Chinesisches E-Auto aus Sachsen
Das Wachstum der E-Mobilität spielt sich bislang vor allem in China ab. Doch nun kommt das chinesische Know-how nach Deutschland. In der Lausitz will ein Investor Milliarden in eine E-Auto-Produktion stecken.

Ein chinesischer Automobil-Zulieferer, die Beijing WKW Automotive, will eine Elektroauto-Produktion mit einer Milliarden-Investition in Sachsen etablieren. Einem Bericht der „Freien Presse“ zufolge plant das Unternehmen am Flugplatz in Rothenburg (Landkreis Görlitz) für 1,13 Milliarden Euro ein Werk zur Produktion von Elektrofahrzeugen. „Das börsennotierte Unternehmen war seit Wochen in Deutschland unterwegs und hat sich nun für das Autoland Sachsen entschieden“, zitiert das Blatt den Wirtschaftsminister des Bundeslandes, Martin Dulig.
Der Autozulieferer will den Angaben zufolge 1.000 Arbeitsplätze in der Lausitz schaffen. Geplant ist die Produktion von E-Fahrzeugen für den europäischen Markt. In der kommenden Woche soll dazu ein deutsches Unternehmen, die Delon Automotive GmbH, gegründet werden. Der Freistaat Sachsen werde die Industrieansiedlung unterstützen. Weitere Informationen zu den geplanten E-Autos gab es zunächst nicht.
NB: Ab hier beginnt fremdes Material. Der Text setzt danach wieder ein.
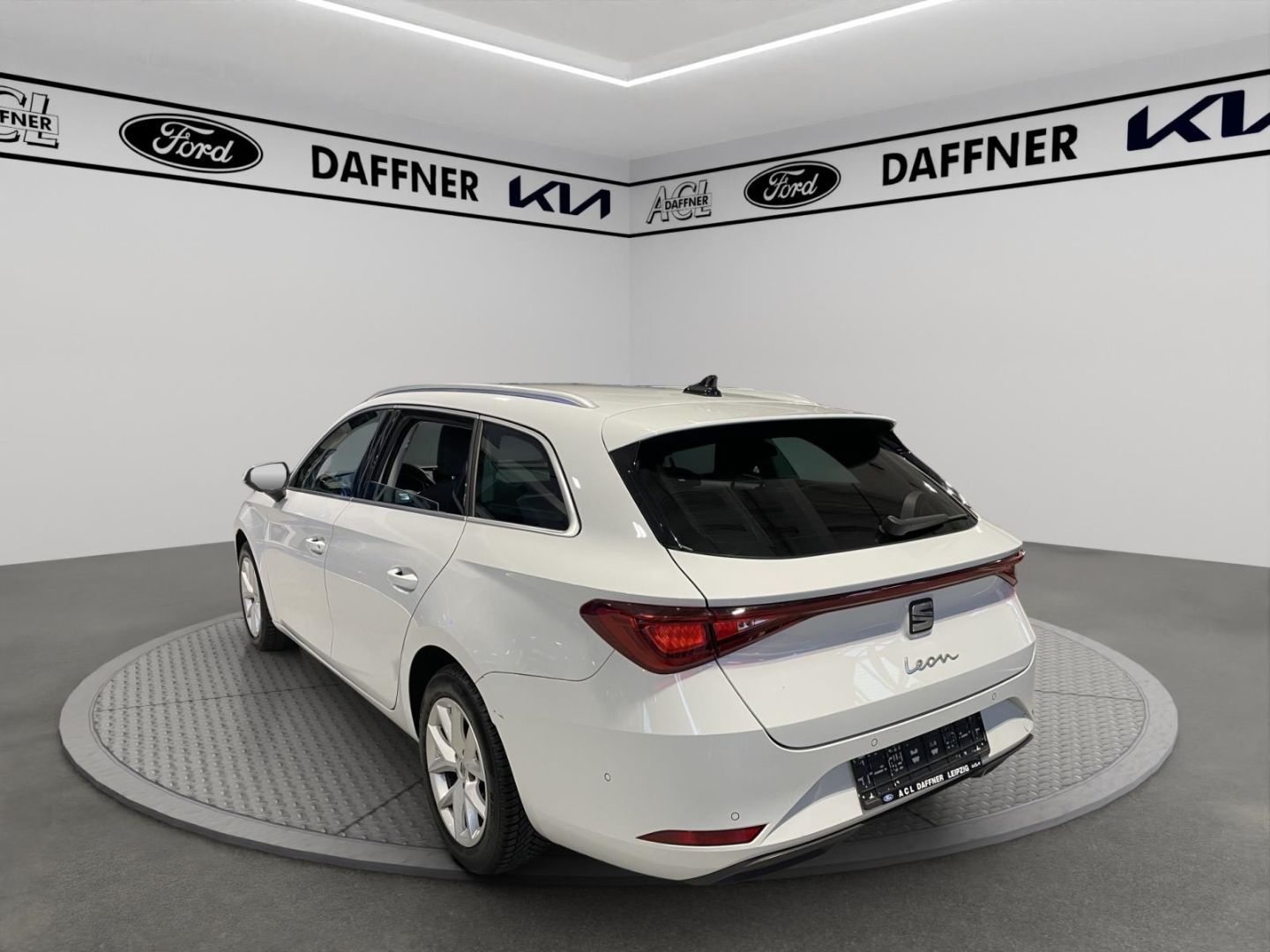 Fahrzeugabbildung SEAT Leon Sportstourer Style 1.5 TSI EU6d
Nach Auskunft der sächsischen Landesregierung ist der Investor ein börsennotiertes Unternehmen. Er habe sich „nach intensiver Suche“ für den Standort in der Oberlausitz entschieden, der sich gegen Standorte im Süden Deutschlands, in Thüringen und im Großraum Leipzig durchgesetzt habe. Das Werk soll auf 200 Hektar Fläche entstehen.
Nach offiziellen Angaben handelt es sich um die erste chinesische Investition in Sachsen, bei der auf der grünen Wiese eine Fabrik neu errichtet wird. Beijing WKW Automotive produziert laut „Freier Presse“ bisher Komponenten für die Automobilindustrie, die an chinesische und europäische Autohersteller geliefert werden. Bei dem Unternehmen handelt es sich um ein chinesisch-deutsches Joint Venture, das im Jahr 2002 gegründet wurde.